JetBlue’s President and Chief Operating Officer Joanna Geraghty said that the Company’s Latin and Caribbean franchise was impacted by disruptions in multiple markets. Geraghty noted that challenges ramped up throughout the summer, however, JetBlue quickly took action and reployed capacity to manage the demand in impacted markets.
“I want to thank all the teams at JetBlue for executing our plan to create long-term value for our customers and owners. We are gaining traction on all of the strategic ‘Building Blocks’ we laid out in our last Investor Day,” said Robin Hayes, JetBlue’s Chief Executive Officer.
“We are just beginning to see the benefits of our revenue, cost, fleet and capital allocation efforts, with additional opportunities ahead of us. Despite some near-term pressures on revenue in our international markets and NEO delays, we believe we are on track to deliver on our goal of $2.50 to 3.00 dollars EPS in 2020,” added Hayes.

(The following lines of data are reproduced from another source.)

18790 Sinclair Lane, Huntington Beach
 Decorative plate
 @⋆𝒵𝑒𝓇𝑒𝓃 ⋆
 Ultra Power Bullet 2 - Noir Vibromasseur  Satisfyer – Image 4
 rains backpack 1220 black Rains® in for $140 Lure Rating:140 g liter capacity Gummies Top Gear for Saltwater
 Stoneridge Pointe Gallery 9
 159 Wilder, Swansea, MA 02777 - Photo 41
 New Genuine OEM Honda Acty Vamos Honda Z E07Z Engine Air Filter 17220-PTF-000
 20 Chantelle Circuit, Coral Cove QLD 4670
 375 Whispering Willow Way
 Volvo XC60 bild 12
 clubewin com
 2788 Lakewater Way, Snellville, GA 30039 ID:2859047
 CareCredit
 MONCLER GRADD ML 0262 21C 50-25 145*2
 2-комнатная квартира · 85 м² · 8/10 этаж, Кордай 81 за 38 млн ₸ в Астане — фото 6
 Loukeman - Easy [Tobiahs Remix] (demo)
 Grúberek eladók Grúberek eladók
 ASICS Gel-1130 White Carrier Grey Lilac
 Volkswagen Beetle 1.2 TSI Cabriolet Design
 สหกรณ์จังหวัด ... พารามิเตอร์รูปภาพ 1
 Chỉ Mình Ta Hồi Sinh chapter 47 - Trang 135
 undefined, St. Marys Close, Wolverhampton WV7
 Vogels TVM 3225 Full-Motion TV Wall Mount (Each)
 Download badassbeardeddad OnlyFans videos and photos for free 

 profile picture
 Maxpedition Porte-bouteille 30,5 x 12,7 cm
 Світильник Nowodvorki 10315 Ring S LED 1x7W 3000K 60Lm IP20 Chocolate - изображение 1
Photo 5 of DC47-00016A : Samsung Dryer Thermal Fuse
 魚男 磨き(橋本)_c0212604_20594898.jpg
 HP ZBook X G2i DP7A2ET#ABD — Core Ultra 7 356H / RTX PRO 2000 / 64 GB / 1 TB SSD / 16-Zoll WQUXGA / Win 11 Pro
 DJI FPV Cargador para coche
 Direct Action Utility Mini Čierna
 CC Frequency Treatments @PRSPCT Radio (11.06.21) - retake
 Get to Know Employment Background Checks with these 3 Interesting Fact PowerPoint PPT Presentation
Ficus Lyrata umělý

For the fourth quarter, JetBlue is forecasting capacity increase between 4.5% to 6.5% year-over-year. RASM is projected to be in the range of a 3.5% decline or increase by 1% year-over-year, while CASM is expected to either decline by 1% or increase by 1%.
JetBlue’s RASM guidance is due to steady demand in domestic markets, led by transcon and business travels. The Company mentioned that it expects a broad decelerating domestic yield environment for JetBlue as well the industry. Meanwhile, the Company expects international market challenges to continue into the fourth quarter.